Diego comprendió todo lo que sucedía. Aquel canalla era tan vil que debía de estar maltratándolas a todas.

—¿Cómo se llama vuestro padre?

—Basilio Merino. —Por algún motivo aquel nombre no le resultó del todo desconocido.

De repente escucharon un grito desgarrador procedente de la casa. Diego salió corriendo junto a las niñas para ver qué estaba ocurriendo.

Dieron un empujón a la puerta y entraron en la vivienda. Arrastrándose por el suelo y en camisola de dormir, una mujer joven se protegía la cabeza con los brazos.

—¡Sucia furcia! Eres una nulidad. —El hombre, a su lado, hizo un ademán de patearla.

—¿Pero qué hacéis? —Diego fue hacia él con los puños cerrados.

—Y ¿vos quién sois? —De tez cetrina, sus enormes cejas parecían llenarle la cara por completo. Sus ojos expresaron incredulidad primero y luego furia—. ¿Se puede saber qué hacéis en mi casa?

—Da igual quién sea yo… —Le agarró de la camisa y la retorció en su puño—. Sois un cobarde. Atreveos a tocarme a mí, y no a estas pobres…

El hombre se quedó parado ante la aparición de Diego, pero en un momento de descuido se hizo con un largo cuchillo de cocina y le amenazó.

—No os metáis en asuntos que no os conciernen. —Le dirigió la punta del afilado acero hacia el vientre—. Iros ahora mismo si no queréis que os raje de arriba abajo.

—No sois hombre.
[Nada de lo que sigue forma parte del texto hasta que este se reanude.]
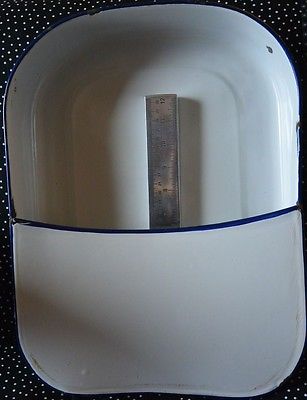 Antique RECTANGLE White with Blue Enamelware Hospital Bed Pan 16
Debería daros vergüenza lo que estáis haciendo con las pobres niñas.

Basilio las atrajo con su brazo libre, como si tuviera que protegerlas de Diego, pero Rosa le rechazó separándose de él.

—¡No me toquéis, padre! ¡Os odio! —le gritó.

El hombre levantó la mano para pegarle y Diego fue hacia él. Se vio frenado por la punta del cuchillo primero y empujado hacia la salida después. Su rostro era el vivo reflejo de la locura. No podía hacer nada. El hombre parecía decidido a usar el arma y Diego no sabía de qué otra manera responder. Observó a la mujer. Su rostro estaba lleno de moratones y tenía el labio partido. Ella le devolvió la mirada sin poder expresar otra cosa que desesperación.

—Os denunciaré a las autoridades… —le amenazó desde fuera—. Me iré, pero sabed que esto no quedará impune, os lo juro.

—¿Y quién me amenaza, si se puede saber? —respondió Basilio, muy altivo.

—Lo sabréis a su tiempo, y descuidad, será pronto. Y os advierto una cosa más: como volváis a tocarlas, os aseguro que no dejaré de perseguiros hasta el último rincón del mundo. Y allí donde os encuentre, os haré padecer idéntico tormento. ¿Os queda claro?

—Mirad cómo tiemblo… —le respondió agitando sus manos.